Eventually it will be detailed and painted to look more like this: 










Better get back to laying track, lunch break is over, and this thing ain't gonna build itself./DesktopModules/NTForums/themes/mls/emoticons/laugh.gif


----------



## Jerry Barnes (Jan 2, 2008)

You are doing good work! Jerry


----------



## Dr G (Jan 16, 2008)

This afternoon's progress. All the switches are in, more track to lay, but I am running out of track. Time to call Stretch at C&OC tomorow for another box of Llagas creek track. 


















Thank goodness I don't have to wire all this up--ode to battery power!


----------



## Matt Vogt (Jan 2, 2008)

Looks fantastic, Matt! 
You have almost convinced me to go with the ladder system. I'm afraid with all of our freezes and thaws concrete wouldn't have much of a chance. I'll have to take another look at Richard's page. I like the way you built up the surrounding dirt to make the ladder frame not so raised. It looks like it's possible to make the system look realistic. I'm still hashing over the expenses of nickel - silver vs aluminum track weighed with battery conversion vs track power.

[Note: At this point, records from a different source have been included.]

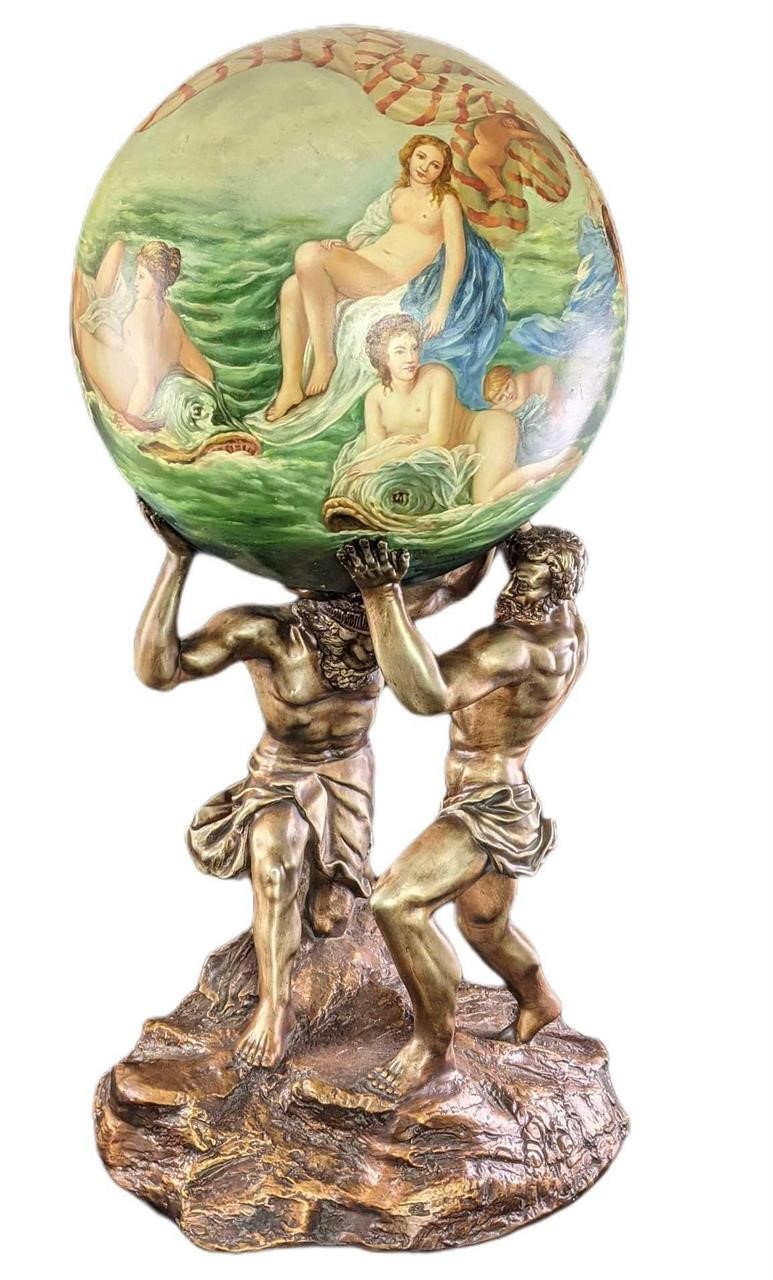 Vintage Hand Painted Resin Atlas & Heracles Holdin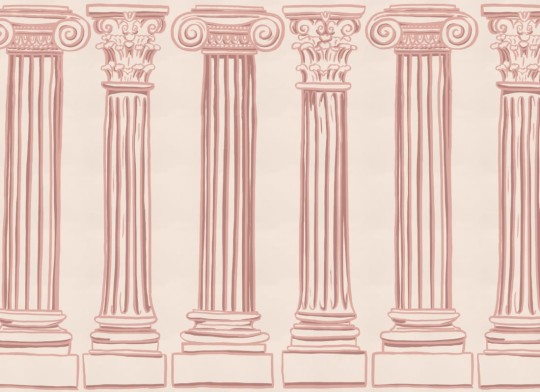Hovia AC0001PI03W Agora Pink - mural w greckie kolumny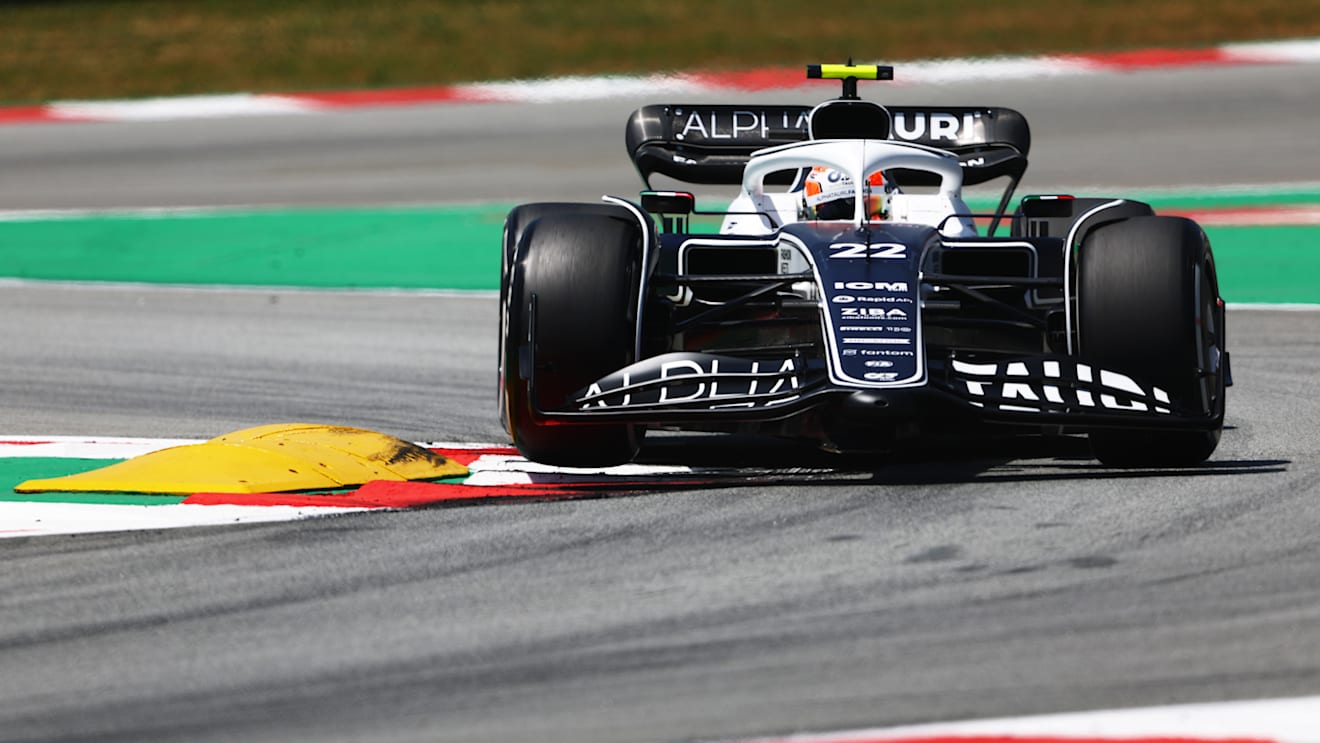 BARCELONA, SPAIN - MAY 21: Yuki Tsunoda of Japan driving the (22) Scuderia AlphaTauri AT03 on track during practice ahead of the F1 Grand Prix of Spain at Circuit de Barcelona-Catalunya on May 21, 2022 in Barcelona, Spain. (Photo by Mark Thompson/Getty Images)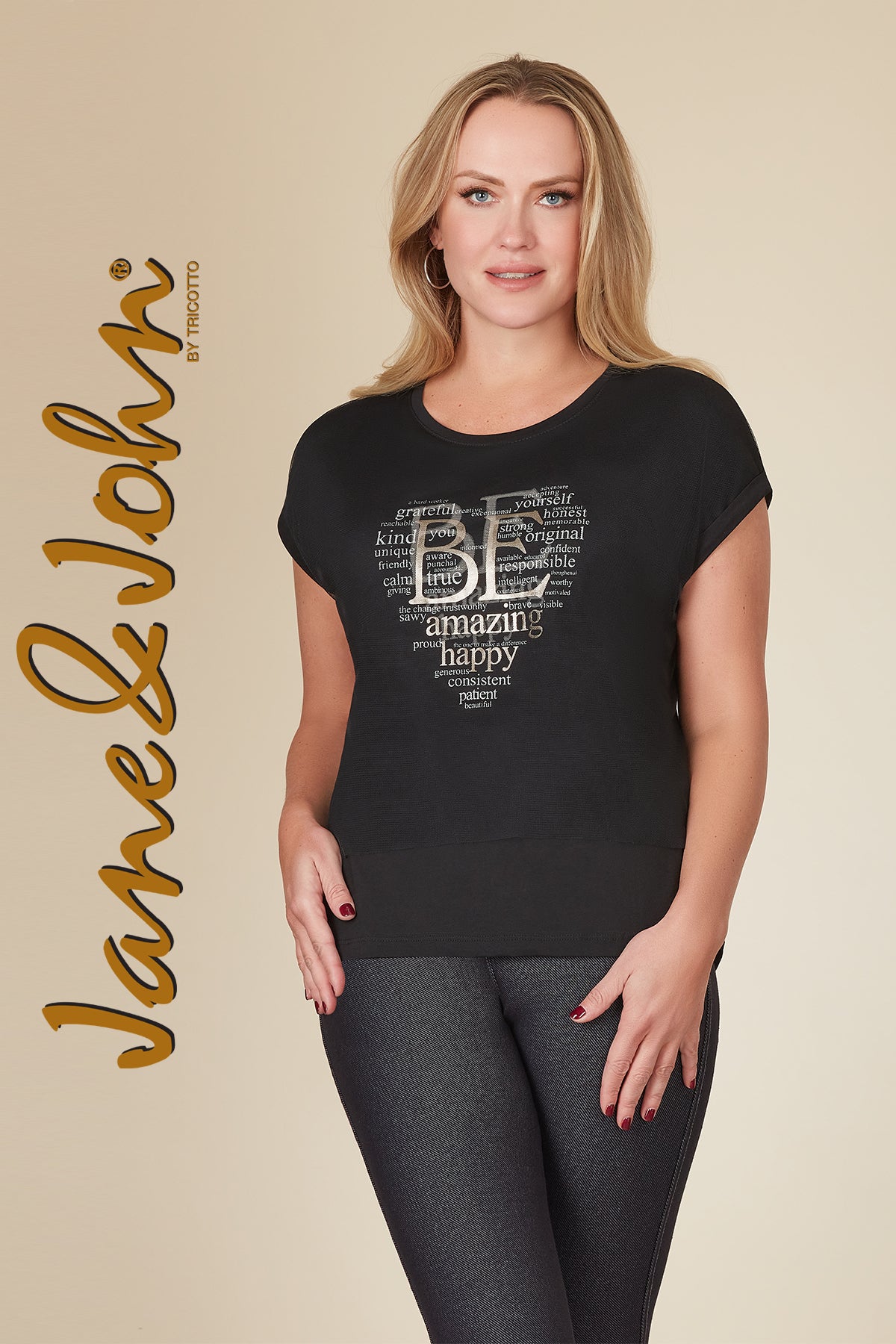 Jane & John Black T-shirt with attached sheer overlay and front fashion print
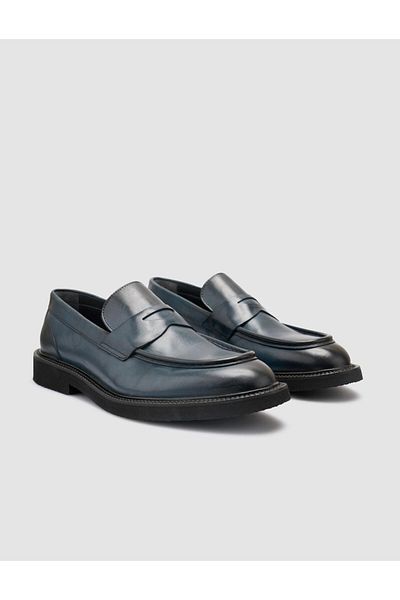 Cabani 100% Genuine Leather Navy Blue Men's Classic Shoes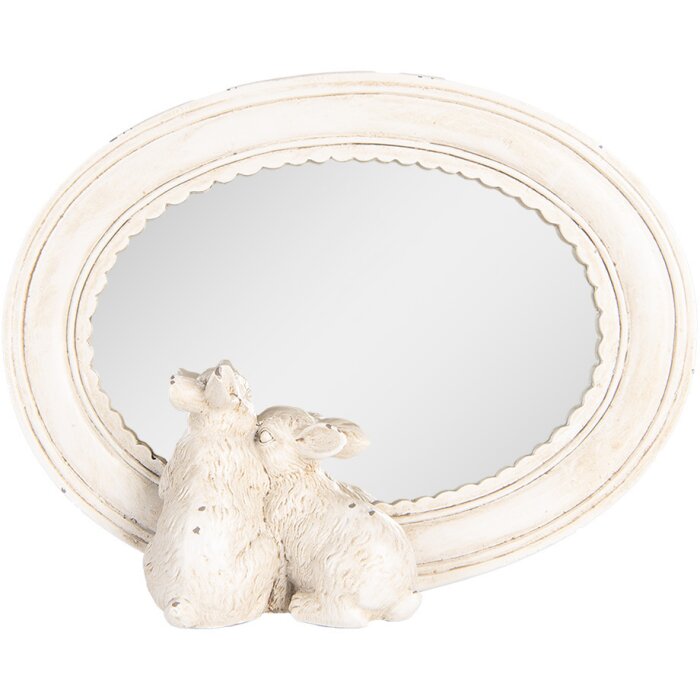 Clayre & Eef 62S329 Espejo de Mesa Oval Vintage Motivo Conejito Beige 22x5x17 cm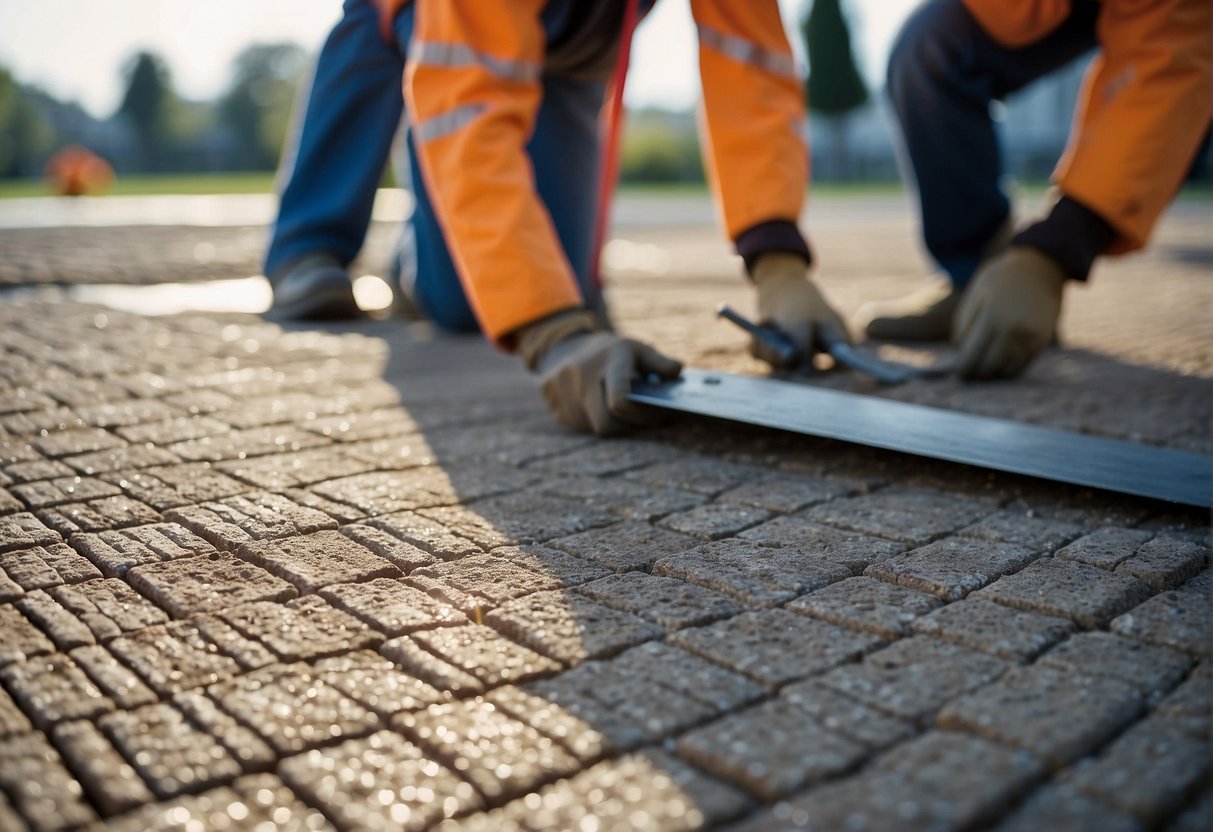 Workers lay out and level gravel base. Pavers are then carefully arranged in a herringbone pattern. Sand is brushed into joints for stability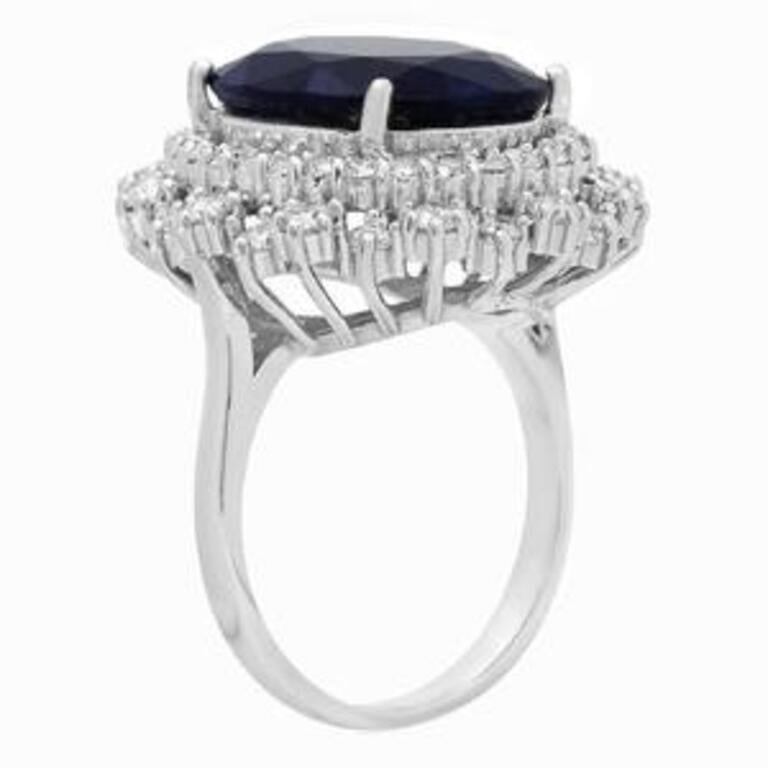 13.90 Carats Exquisite Natural Blue Sapphire and Diamond 14K Solid White Gold Ring

Total Natural Blue Sapphire Weights: Approx. 12.00 Carats

Sapphire Measures: 16 x 13.00mm

Sapphire Treatment: Diffusion

Natural Round Diamonds Weight: 1.90 Carats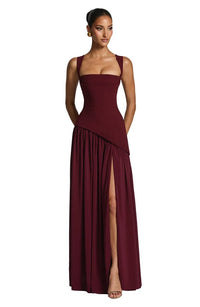 Sleeveless Square-Neck A-Line Mother of the Bride Maxi Dress with Side Slit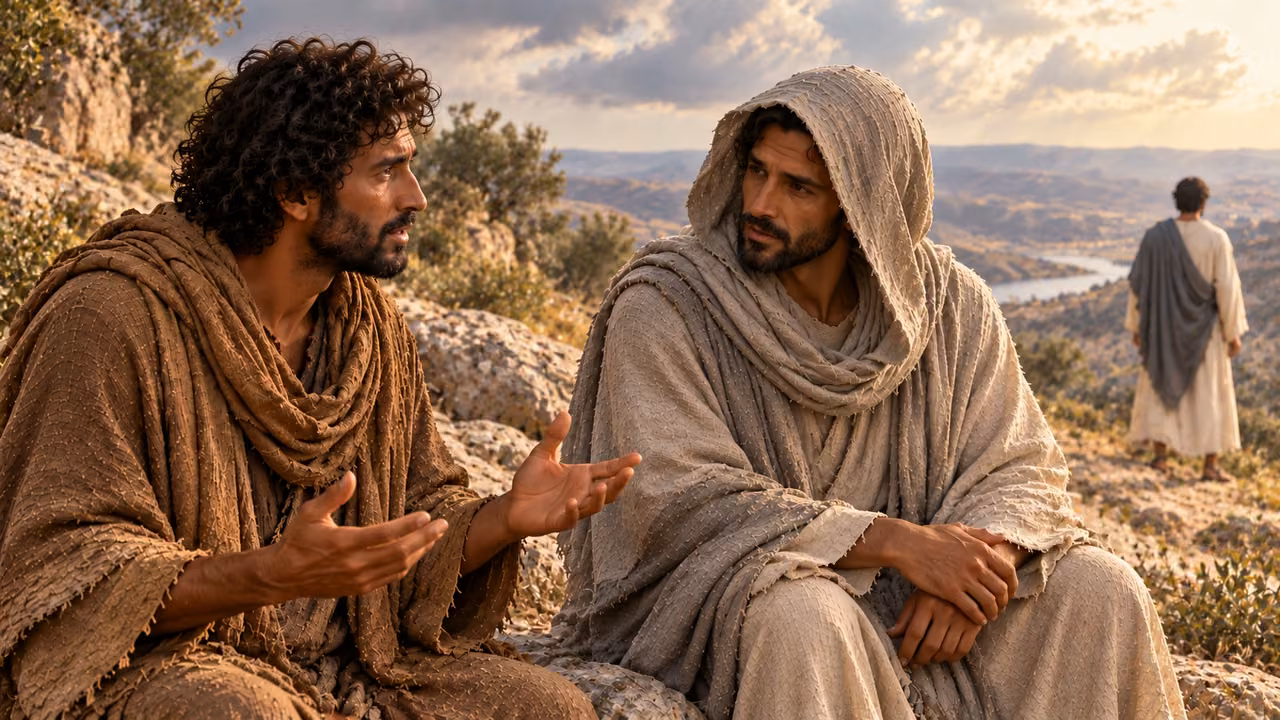 Enoch asks his bearded gray-hooded companion a question while a cream-robed figure stands far behind.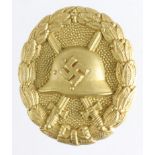 German Nazi Spanish, Gold Wound Badge, hollow back version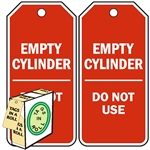 <!010>Empty Cylinder Do Not Use, 6-1/4" x 3", White Polypropylene, In-a-Box of 100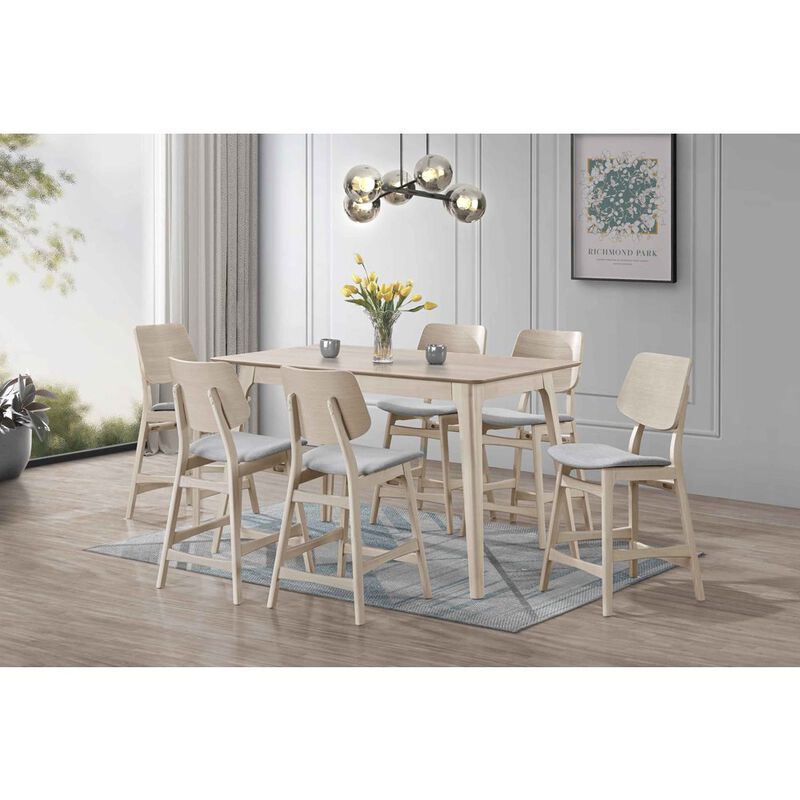 New Classic Furniture Oscar Wood Counter Height Table in White Ash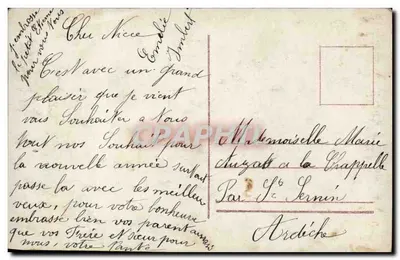 Homem com buquê — Boa Ano — República Francesa, 10c — Verso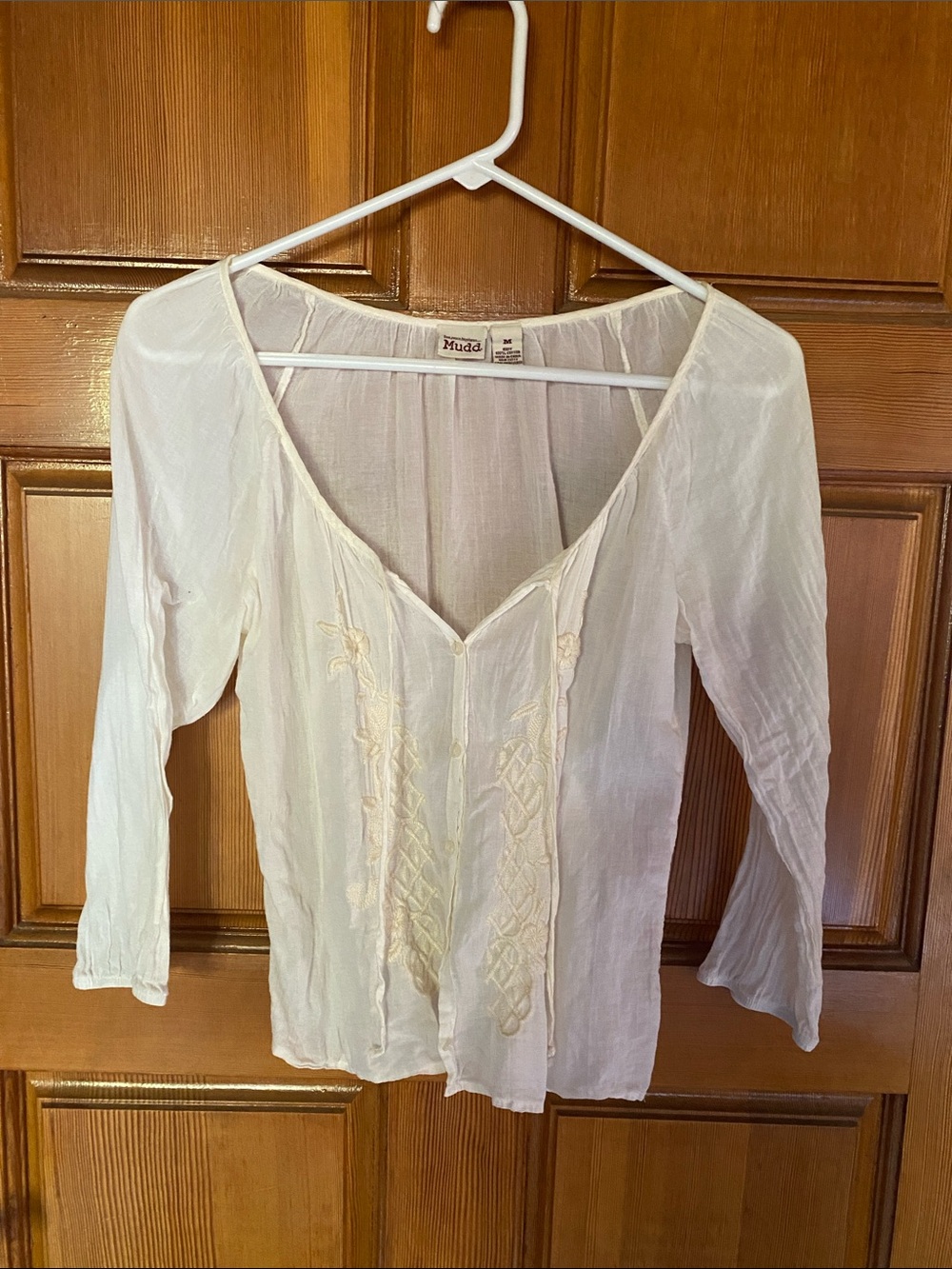 Mudd Cream Sheer V-Neck Embroidered Blouse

UGGHHH! Gotta love this hobby!/DesktopModules/NTForums/themes/mls/emoticons/w00t.gif 
Keep us posted! 
another Matt


----------



## Dr G (Jan 16, 2008)

Matt, 

I had the same issues picking track, and in addition to cost I chose battery because I will likely be able to run the trains infrequently--and if I gotta clean track for an hour before each run it ain't gonna happen/DesktopModules/NTForums/themes/mls/emoticons/angry.gif 

The other thought I had is with a R/C battery locomotive I could theoretically run on any layout regardless of track power, DCC etc. 

The engine is done, but haven't really run it much--except for a loop of track in the livingroom. 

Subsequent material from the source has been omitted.